→ **What you will do**
Print every line of the records below exactly as it reads.

[Dataset entries]
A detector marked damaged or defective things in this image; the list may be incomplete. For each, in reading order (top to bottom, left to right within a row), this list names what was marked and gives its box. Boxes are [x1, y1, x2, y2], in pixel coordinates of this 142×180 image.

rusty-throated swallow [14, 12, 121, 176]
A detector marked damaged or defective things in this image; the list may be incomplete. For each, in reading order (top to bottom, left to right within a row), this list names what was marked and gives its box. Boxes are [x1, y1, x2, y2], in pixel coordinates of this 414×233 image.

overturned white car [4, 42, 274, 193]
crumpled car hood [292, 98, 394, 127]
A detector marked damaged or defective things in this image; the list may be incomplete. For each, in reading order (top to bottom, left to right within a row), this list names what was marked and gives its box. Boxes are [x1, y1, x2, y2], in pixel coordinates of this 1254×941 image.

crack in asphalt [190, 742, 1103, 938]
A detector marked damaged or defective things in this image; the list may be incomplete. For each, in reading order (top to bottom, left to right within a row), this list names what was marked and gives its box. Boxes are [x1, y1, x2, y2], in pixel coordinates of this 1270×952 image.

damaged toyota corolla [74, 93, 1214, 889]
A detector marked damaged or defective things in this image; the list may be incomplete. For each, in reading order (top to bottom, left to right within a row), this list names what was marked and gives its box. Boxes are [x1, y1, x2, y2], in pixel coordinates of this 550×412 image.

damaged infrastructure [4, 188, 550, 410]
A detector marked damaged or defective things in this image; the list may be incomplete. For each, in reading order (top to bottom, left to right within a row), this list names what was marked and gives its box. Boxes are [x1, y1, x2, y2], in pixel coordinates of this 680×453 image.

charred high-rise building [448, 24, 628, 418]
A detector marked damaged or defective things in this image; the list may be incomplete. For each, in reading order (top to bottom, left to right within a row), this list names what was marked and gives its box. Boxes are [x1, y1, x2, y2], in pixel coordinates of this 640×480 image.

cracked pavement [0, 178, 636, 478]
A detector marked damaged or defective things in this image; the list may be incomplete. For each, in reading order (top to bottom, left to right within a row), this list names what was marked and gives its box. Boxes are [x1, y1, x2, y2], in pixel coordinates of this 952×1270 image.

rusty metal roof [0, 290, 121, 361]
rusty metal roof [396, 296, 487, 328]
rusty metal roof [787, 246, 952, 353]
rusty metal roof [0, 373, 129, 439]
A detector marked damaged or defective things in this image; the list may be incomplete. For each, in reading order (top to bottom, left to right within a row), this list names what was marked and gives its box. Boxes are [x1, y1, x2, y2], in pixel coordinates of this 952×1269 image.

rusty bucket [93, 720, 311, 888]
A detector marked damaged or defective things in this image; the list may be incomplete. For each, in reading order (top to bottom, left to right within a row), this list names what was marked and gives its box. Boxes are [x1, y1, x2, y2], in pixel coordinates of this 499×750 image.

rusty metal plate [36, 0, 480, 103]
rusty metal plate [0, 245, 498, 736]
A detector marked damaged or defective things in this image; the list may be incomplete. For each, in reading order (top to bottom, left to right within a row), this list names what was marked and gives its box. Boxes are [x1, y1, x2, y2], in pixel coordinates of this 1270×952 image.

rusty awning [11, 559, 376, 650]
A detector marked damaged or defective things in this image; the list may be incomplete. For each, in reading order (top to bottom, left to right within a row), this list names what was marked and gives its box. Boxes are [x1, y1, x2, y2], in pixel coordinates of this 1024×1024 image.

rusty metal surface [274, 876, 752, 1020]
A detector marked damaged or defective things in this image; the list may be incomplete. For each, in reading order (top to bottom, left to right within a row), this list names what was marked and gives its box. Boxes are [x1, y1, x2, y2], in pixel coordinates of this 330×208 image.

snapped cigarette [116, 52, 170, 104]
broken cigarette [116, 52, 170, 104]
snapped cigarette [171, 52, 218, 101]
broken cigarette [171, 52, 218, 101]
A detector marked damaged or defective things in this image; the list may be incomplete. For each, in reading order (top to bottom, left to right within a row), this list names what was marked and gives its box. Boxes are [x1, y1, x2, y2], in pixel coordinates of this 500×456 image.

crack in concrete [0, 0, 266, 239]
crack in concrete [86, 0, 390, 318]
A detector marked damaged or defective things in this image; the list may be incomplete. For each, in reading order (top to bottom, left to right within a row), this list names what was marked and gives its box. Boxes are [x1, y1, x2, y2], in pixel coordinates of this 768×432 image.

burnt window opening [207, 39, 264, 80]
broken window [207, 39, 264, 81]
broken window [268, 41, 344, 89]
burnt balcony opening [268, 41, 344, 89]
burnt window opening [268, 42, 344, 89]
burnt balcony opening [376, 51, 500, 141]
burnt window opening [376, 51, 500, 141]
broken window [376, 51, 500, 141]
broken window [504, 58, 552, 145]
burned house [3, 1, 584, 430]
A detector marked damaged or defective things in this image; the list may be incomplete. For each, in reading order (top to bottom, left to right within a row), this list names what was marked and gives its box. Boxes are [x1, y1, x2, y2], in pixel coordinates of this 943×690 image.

→ **Result of the task**
A detector marked damaged or defective things in this image; the list may be incomplete. For each, in reading order (top to bottom, left to right within a row), this list names what was marked and gives its box. Boxes are [x1, y1, x2, y2], in pixel coordinates of this 142×180 image.

rusty-throated swallow [14, 12, 121, 176]
A detector marked damaged or defective things in this image; the list may be incomplete. For each, in reading order (top to bottom, left to right within a row), this list names what was marked and gives its box. Boxes are [x1, y1, x2, y2], in pixel coordinates of this 414×233 image.

overturned white car [4, 42, 274, 193]
crumpled car hood [292, 98, 394, 127]
A detector marked damaged or defective things in this image; the list may be incomplete. For each, in reading order (top to bottom, left to right within a row), this list names what was marked and gives its box. Boxes are [x1, y1, x2, y2], in pixel coordinates of this 1254×941 image.

crack in asphalt [190, 742, 1103, 938]
A detector marked damaged or defective things in this image; the list may be incomplete. For each, in reading order (top to bottom, left to right within a row), this list names what was marked and gives its box. Boxes are [x1, y1, x2, y2], in pixel coordinates of this 1270×952 image.

damaged toyota corolla [74, 93, 1214, 889]
A detector marked damaged or defective things in this image; the list may be incomplete. For each, in reading order (top to bottom, left to right within a row), this list names what was marked and gives its box. Boxes are [x1, y1, x2, y2], in pixel coordinates of this 550×412 image.

damaged infrastructure [4, 188, 550, 410]
A detector marked damaged or defective things in this image; the list may be incomplete. For each, in reading order (top to bottom, left to right within a row), this list names what was marked and gives its box. Boxes are [x1, y1, x2, y2], in pixel coordinates of this 680×453 image.

charred high-rise building [448, 24, 628, 418]
A detector marked damaged or defective things in this image; the list may be incomplete. For each, in reading order (top to bottom, left to right within a row), this list names what was marked and gives its box. Boxes are [x1, y1, x2, y2], in pixel coordinates of this 640×480 image.

cracked pavement [0, 178, 636, 478]
A detector marked damaged or defective things in this image; the list may be incomplete. For each, in reading order (top to bottom, left to right within a row), this list names what was marked and gives its box. Boxes are [x1, y1, x2, y2], in pixel coordinates of this 952×1270 image.

rusty metal roof [0, 290, 121, 361]
rusty metal roof [396, 296, 487, 328]
rusty metal roof [787, 246, 952, 353]
rusty metal roof [0, 373, 129, 439]
A detector marked damaged or defective things in this image; the list may be incomplete. For each, in reading order (top to bottom, left to right within a row), this list names what was marked and gives its box. Boxes are [x1, y1, x2, y2], in pixel coordinates of this 952×1269 image.

rusty bucket [93, 720, 311, 888]
A detector marked damaged or defective things in this image; the list may be incomplete. For each, in reading order (top to bottom, left to right within a row), this list names what was marked and gives its box. Boxes are [x1, y1, x2, y2], in pixel coordinates of this 499×750 image.

rusty metal plate [36, 0, 480, 103]
rusty metal plate [0, 245, 498, 736]
A detector marked damaged or defective things in this image; the list may be incomplete. For each, in reading order (top to bottom, left to right within a row), this list names what was marked and gives its box. Boxes are [x1, y1, x2, y2], in pixel coordinates of this 1270×952 image.

rusty awning [11, 559, 376, 650]
A detector marked damaged or defective things in this image; the list may be incomplete. For each, in reading order (top to bottom, left to right within a row), this list names what was marked and gives its box. Boxes are [x1, y1, x2, y2], in pixel coordinates of this 1024×1024 image.

rusty metal surface [274, 876, 752, 1020]
A detector marked damaged or defective things in this image; the list may be incomplete. For each, in reading order (top to bottom, left to right within a row), this list names what was marked and gives its box. Boxes are [x1, y1, x2, y2], in pixel coordinates of this 330×208 image.

snapped cigarette [116, 52, 170, 104]
broken cigarette [116, 52, 170, 104]
snapped cigarette [171, 52, 218, 101]
broken cigarette [171, 52, 218, 101]
A detector marked damaged or defective things in this image; the list may be incomplete. For each, in reading order (top to bottom, left to right within a row), this list names what was marked and gives its box. Boxes are [x1, y1, x2, y2], in pixel coordinates of this 500×456 image.

crack in concrete [0, 0, 266, 239]
crack in concrete [86, 0, 390, 318]
A detector marked damaged or defective things in this image; the list may be incomplete. For each, in reading order (top to bottom, left to right within a row), this list names what was marked and gives its box. Boxes are [x1, y1, x2, y2], in pixel coordinates of this 768×432 image.

burnt window opening [207, 39, 264, 80]
broken window [207, 39, 264, 81]
broken window [268, 41, 344, 89]
burnt balcony opening [268, 41, 344, 89]
burnt window opening [268, 42, 344, 89]
burnt balcony opening [376, 51, 500, 141]
burnt window opening [376, 51, 500, 141]
broken window [376, 51, 500, 141]
broken window [504, 58, 552, 145]
burned house [3, 1, 584, 430]
A detector marked damaged or defective things in this image; the list may be incomplete. For each, in reading order (top to bottom, left to right within a row), this list names what was marked and gives its box. Boxes are [x1, y1, x2, y2], in pixel coordinates of this 943×690 image.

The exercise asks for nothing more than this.